Y sobre todo: los movimientos sociales que hoy toman tantas iniciativas, que salen a la calle con perseverancia para reforzar su demanda de justicia social, económica y medioambiental, también deben aprender a organizarse de nuevo, a nivel local, nacional, continental y mundial. Sin organización, sin estructura, nada puede cambiar de forma sostenible. La transición puede empezar en tu calle, pero no servirá de nada sin un enfoque global simultáneo.
Puede ser útil volver a leer a algunos autores antiguos, como Mariátegui o Amílcar Cabral. O mirar lo que se dijo en Bandung, el nuevo orden económico internacional, el «concepto unificado» de la ONU.

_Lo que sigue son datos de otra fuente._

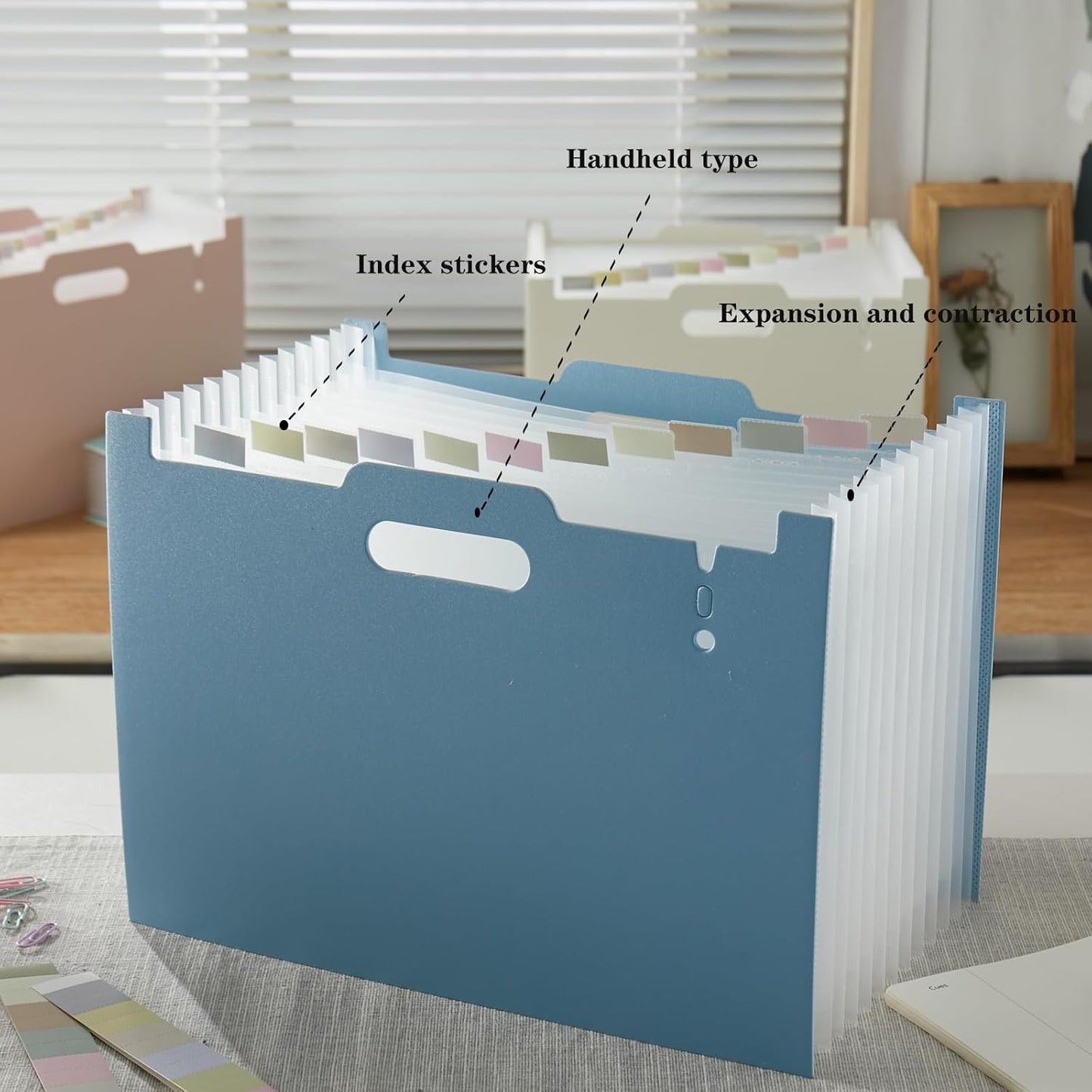 2-Piece Accordion Folder Manager, 12 Grid Expansion Pages, Upright and Open Portable Monthly Bill and Receipt Managers, Color Labels, School, Home, and Office letterhead/A4 Size Green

Hoy la izquierda está colgada de las cuerdas y poco a poco, sin que se note, se va cerrando la puerta del reformismo. Los movimientos sociales son muy débiles por su falta de coordinación. Se aferran a estrategias desesperadas que solo hacen que la cuña sea más profunda. A Trump, Bolsonaro y Duterte les encanta lo que ven. Con los cierres de la crisis del COVID, los movimientos ya no pueden ni siquiera salir a la calle.
Hay un concepto que puede unirnos, creo, porque implica progreso y cambio y nos impone solidaridad: la emancipación. Es liberarnos individual y colectivamente de lo que nos limita y oprime, material y filosóficamente. Es siempre una historia de y y, nunca de o o. Tenemos que sacar esta emancipación de debajo del polvo.